This month brought a new paper strengthening the link between heavy pot use and the onset of schizophrenia in young men.
And the broad downside risks of marijuana, beyond extreme dangers like schizophrenia, remain as evident as ever: a form of personal degradation, of lost attention and performance and motivation, that isn't mortally dangerous in the way of heroin but that can damage or derail an awful lot of human lives.
The legalization era has seen a dramatic increase the number of noncasual users. Occasional use has risen substantially since 2008, but daily or near-daily use is up much more, with around 16 million Americans, out of more than 50 million users, now suffering from what is termed marijuana use disorder.
So to make the legal marketplace successful and amenable to regulation, you would probably need much more enforcement against the illegal marketplace which is difficult and expensive and, again, obviously uncool, in conflict with the good-vibrations spirit of the legalizers.
Unlicensed weed can cost as much as 50 percent less than the licensed variety.

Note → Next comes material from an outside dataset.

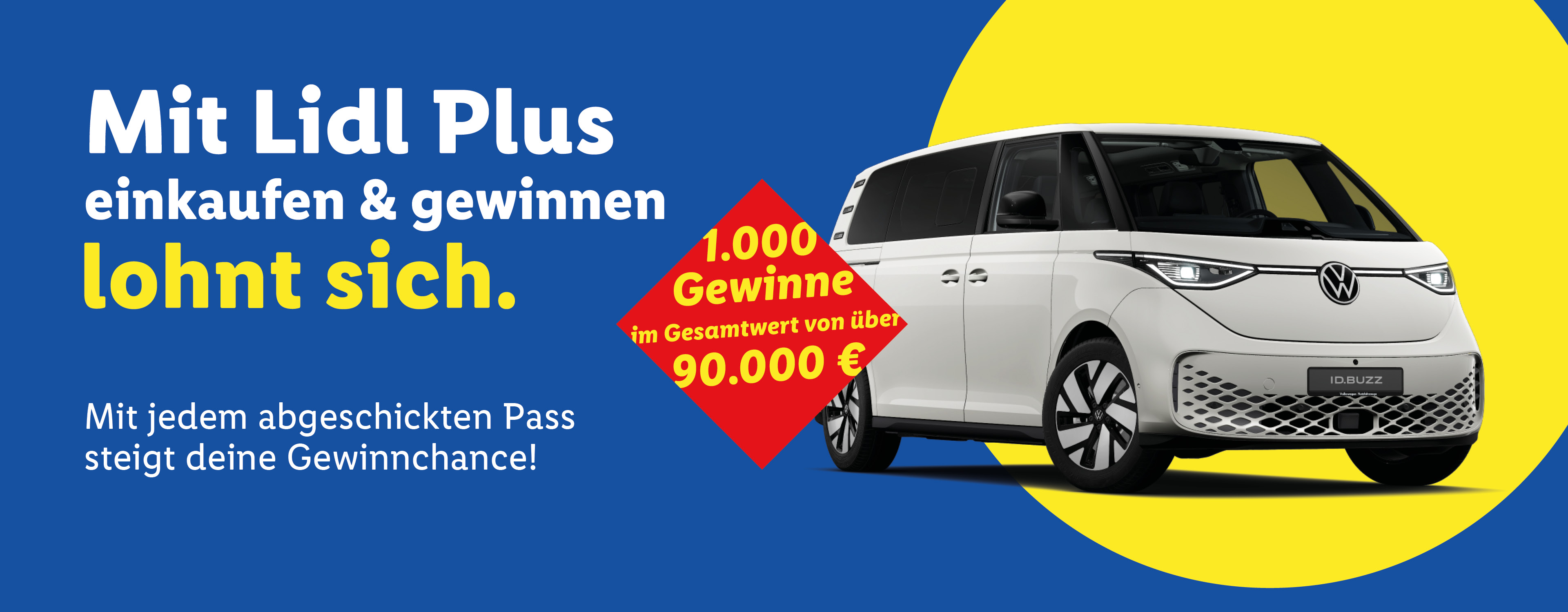 Lidl Plus Gewinnspiel: Einkaufen & gewinnen mit 1.000 Preisen im Wert von über 90.000 €, inklusive VW ID. Buzz.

So the more you tax and regulate legal pot sales, the more you run the risk of having users just switch to the black market and if you want the licensed market to crowd out the black market instead, you probably need to make legal pot as cheap as possible, which in turn undermines any effort to discourage chronic, life-altering abuse.
In summary, Marijuana legalization as we've done it so far has been a policy failure, a potential social disaster, a clear and evident mistake.